U.S. patent application number 09/928671 was filed with the patent office on 2003-02-13 for cache architecture to reduce leakage power consumption.
Invention is credited to O'Connor, Dennis M..
Application Number | 20030033483 09/928671 |
Document ID | / |
Family ID | 25456590 |
Filed Date | 2003-02-13 |
United States Patent
Application |
20030033483 |
Kind Code |
A1 |
O'Connor, Dennis M. |
February 13, 2003 |
Cache architecture to reduce leakage power consumption
Abstract
By dividing a cache into a core and a level 2 cache, faster
components may be used in the core and slower components may be
used in the level 2 cache. Functions that do not need to use the
faster components, including the logic to manage the core, may be
placed in a level 2 cache. As a result, the core may be of reduced
size and multilevel cache with reduced leakage current may result
in some embodiments.
Inventors: |
O'Connor, Dennis M.;
(Chandler, AZ) |
Correspondence
Address: |
Timothy N. Trop
TROP, PRUNER & HU, P.C.
8554 KATY FWY, STE 100
HOUSTON
TX
77024-1805
US
|
Family ID: |
25456590 |
Appl. No.: |
09/928671 |
Filed: |
August 13, 2001 |
Current U.S.
Class: |
711/122 ;
711/133; 711/E12.043 |
Current CPC
Class: |
Y02D 10/24 20180101;
G06F 12/0897 20130101; Y02D 10/00 20180101; G06F 1/3228 20130101;
G06F 1/329 20130101 |
Class at
Publication: |
711/122 ;
711/133 |
International
Class: |
G06F 013/00 |
Claims
What is claimed is:
1. A method comprising: defining a multilevel cache including a
core having relatively faster components and a region including
relatively slower components; and managing the core from said
region.
2. The method of claim 1 including managing the core from a level 2
cache.
3. The method of claim 1 including using a virtual address to index
the core to avoid the need for an address translation
mechanism.
4. The method of claim 1 including placing functions relating to
tags and valid bits as well as the data itself in the core.
5. The method of claim 1 including using a write-through core
cache.
6. The method of claim 1 including implementing a line replacement
policy in said region.
7. The method of claim 1 including performing virtual-to-physical
translation in said region.
8. The method of claim 1 including handling a core cache miss by
passing the details of the access to said region.
9. The method of claim 8 including enabling said region to use a
memory translation mechanism to determine the physical address and
attributes of the access.
10. The method of claim 9 including checking to see if the
requested data is in a storage associated with said region.
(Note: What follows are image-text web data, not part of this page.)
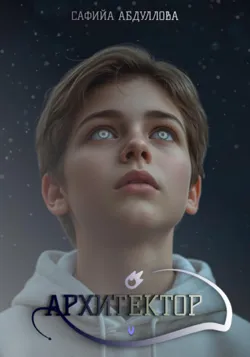 Архитектор - Сафийа Абдуллова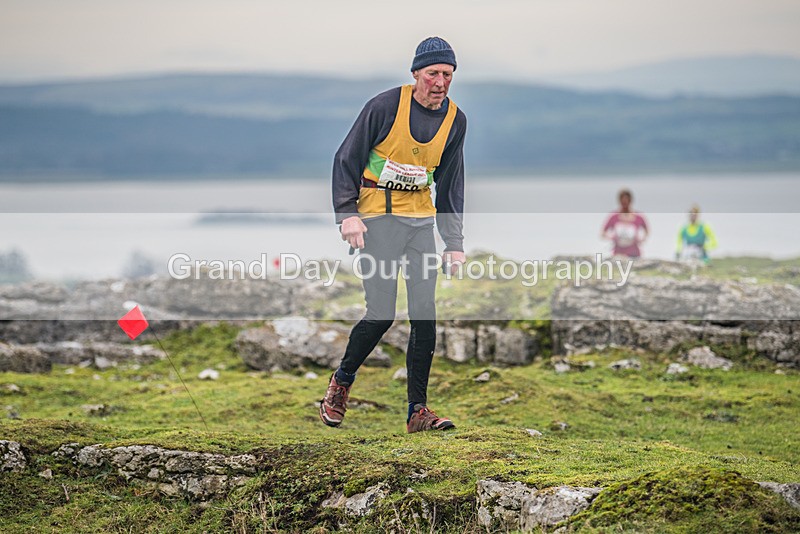 Birkrigg-826 - Kendal Winter League Races Birkrigg Sunday 28th January 2024
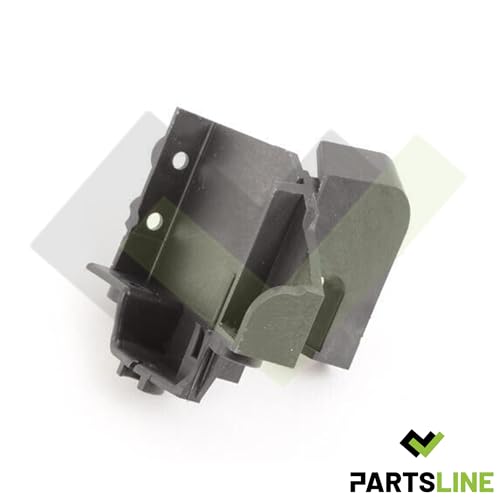 Patte de fixation de phare cassée sur A3 8P1 : kit réparation complet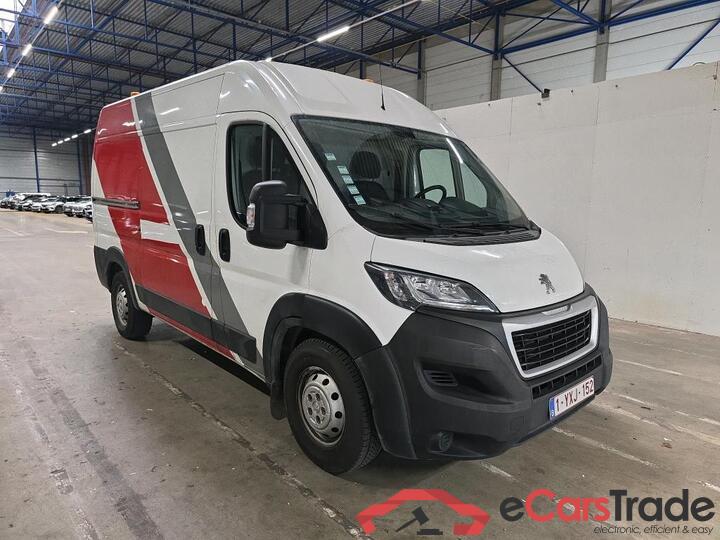 Peugeot Boxer Boxer 2.2 BlueHDi S/S 165 Grip 435 L2H2 121kW/165pk  5D/P Man-6 #2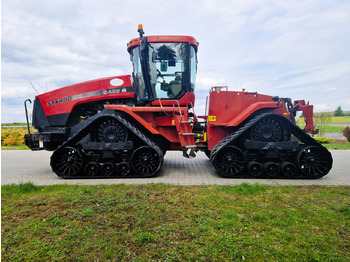 جرَّار مجنزر CASE IH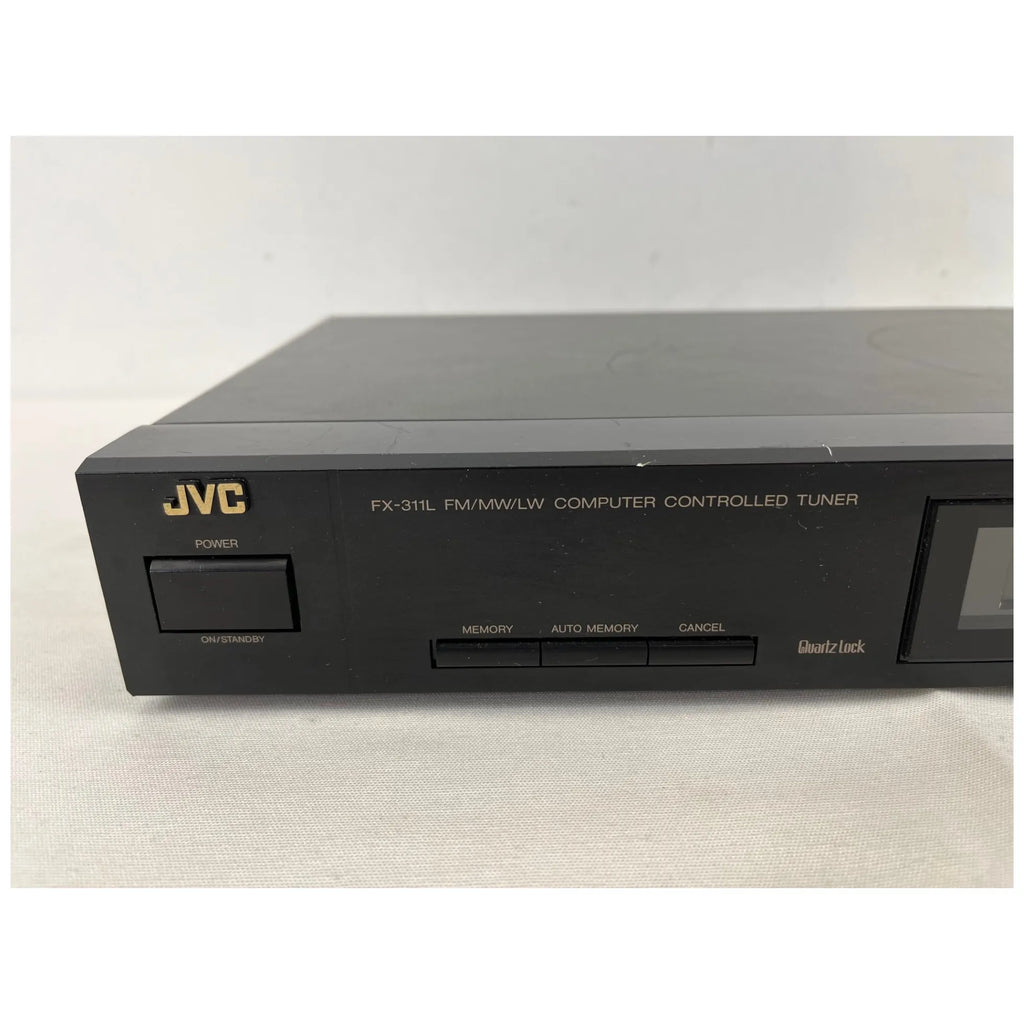 Tuner JVC FX-311L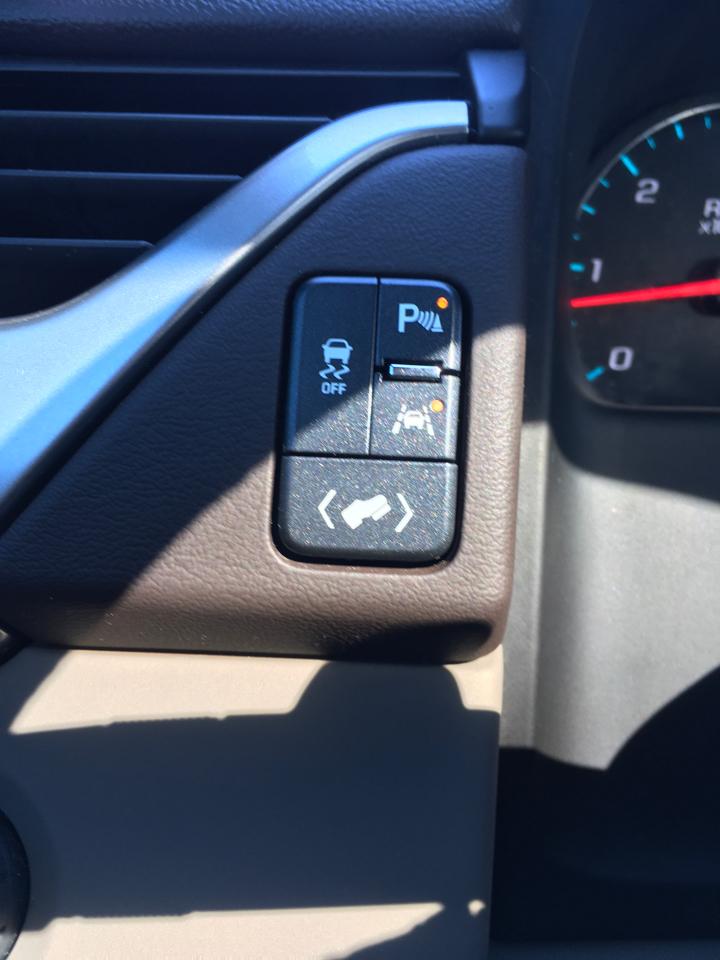 Chevrolet Suburban LT 4WD 2017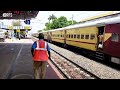 53036 azimganj katwa passenger arriving katwa junction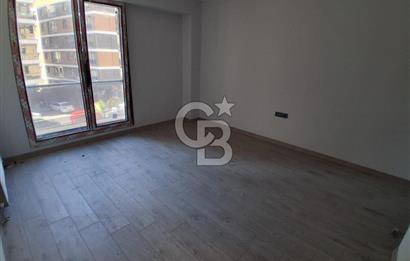 Küçükçekmece Fatih Mah 110 m2 net boş sıfır satılık 3+1 daire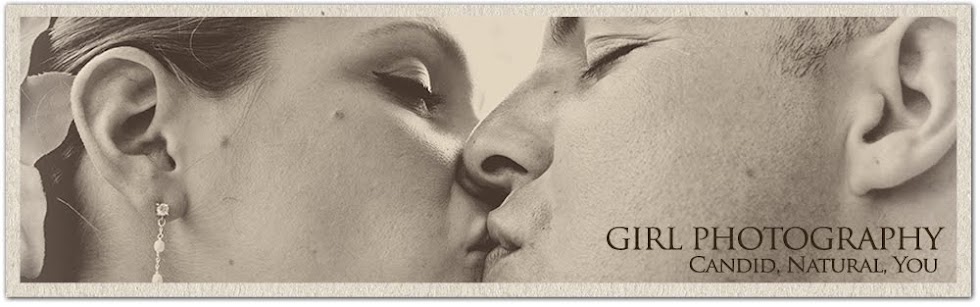 Girl Photography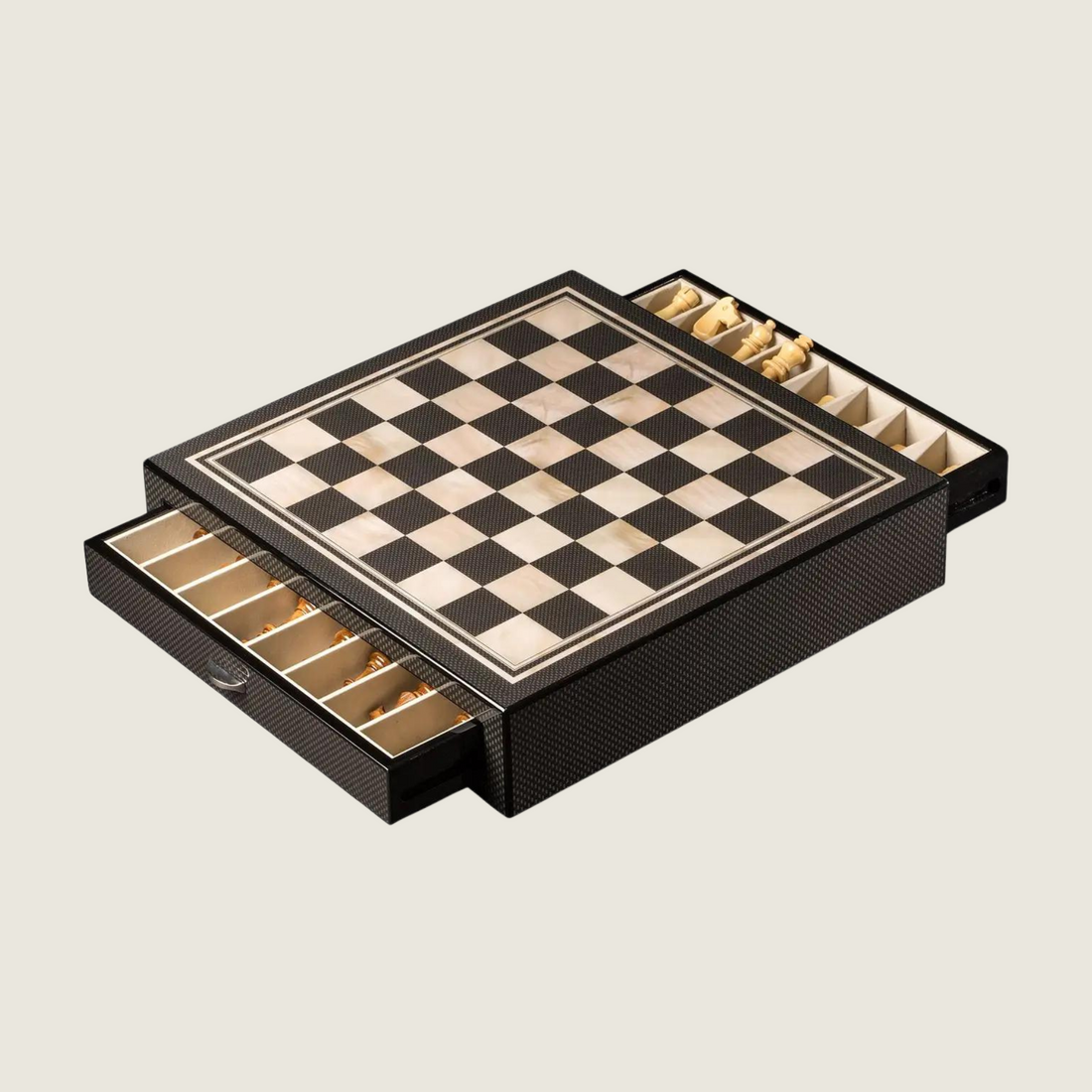 Chess Set - Blackbird General Store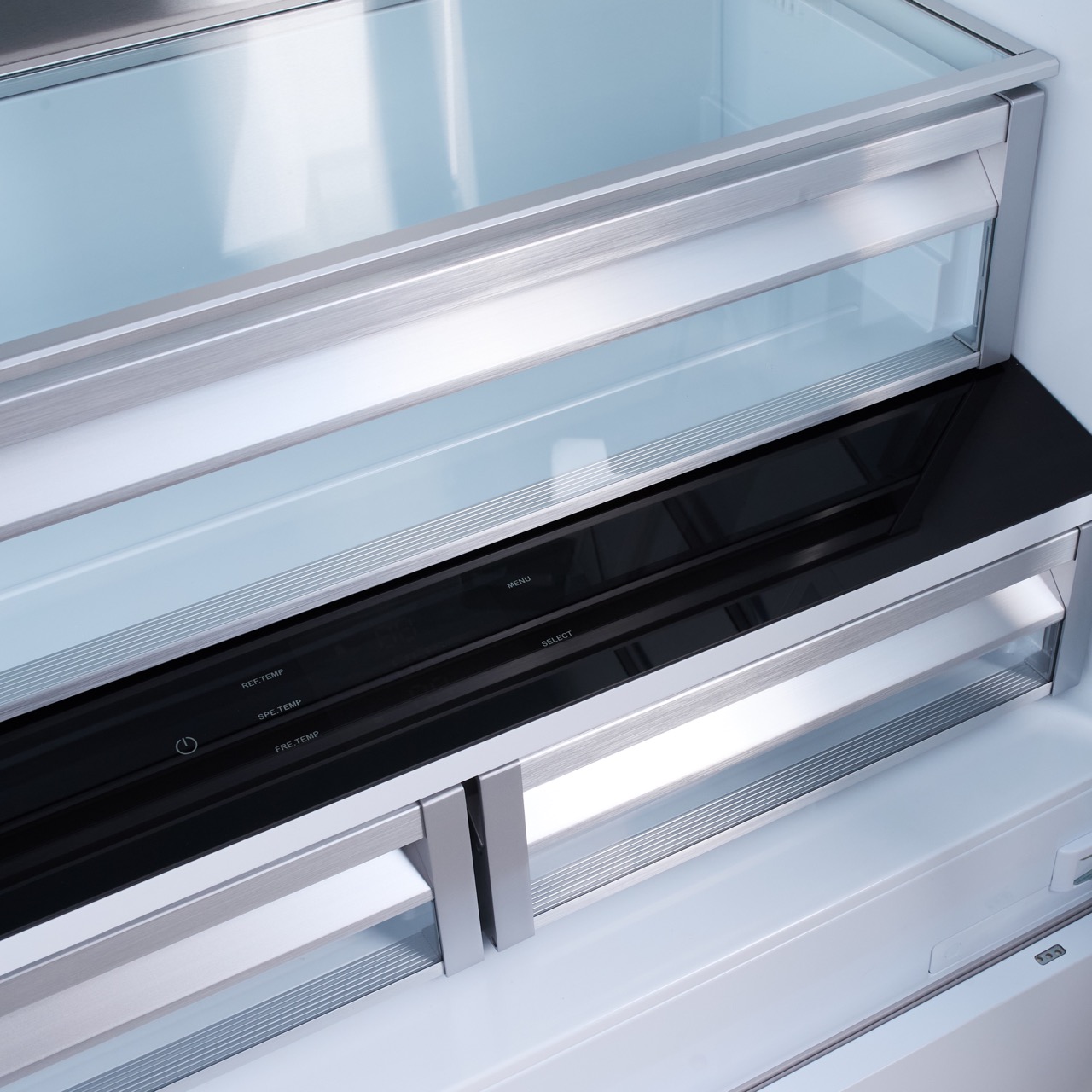 картинка Встраиваемый холодильник Millen MBI552FDMaxPro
11. An article comprising a medium storing instructions that enable
a processor-based system to: define a multilevel cache including a
core having relatively faster components and a region including
relatively slower components; and manage the core from said
region.
12. The article of claim 11 further storing instructions that
enable the processor-based system to manage the core from a level 2
cache.
13. The article of claim 11 further storing instructions that
enable the processor-based system to use a virtual address to index
the core to avoid the need for an address translation
mechanism.
14. The article of claim 11 further storing instructions that
enable the processor-based system to access functions relating to
tags and valid bits as well as the data itself in the core.
15. The article of claim 11 further storing instructions that
enable the processor-based system to use a write-through core
cache.
16. The article of claim 11 further storing instructions that
enable the processor-based system to implement a line replacement
policy in said region.
17. The article of claim 11 further storing instructions that
enable the processor-based system to perform virtual-to-physical
translation in said region.
18. The article of claim 11 further storing instructions that
enable the processor-based system to handle a core cache miss by
passing the details of the access to said region.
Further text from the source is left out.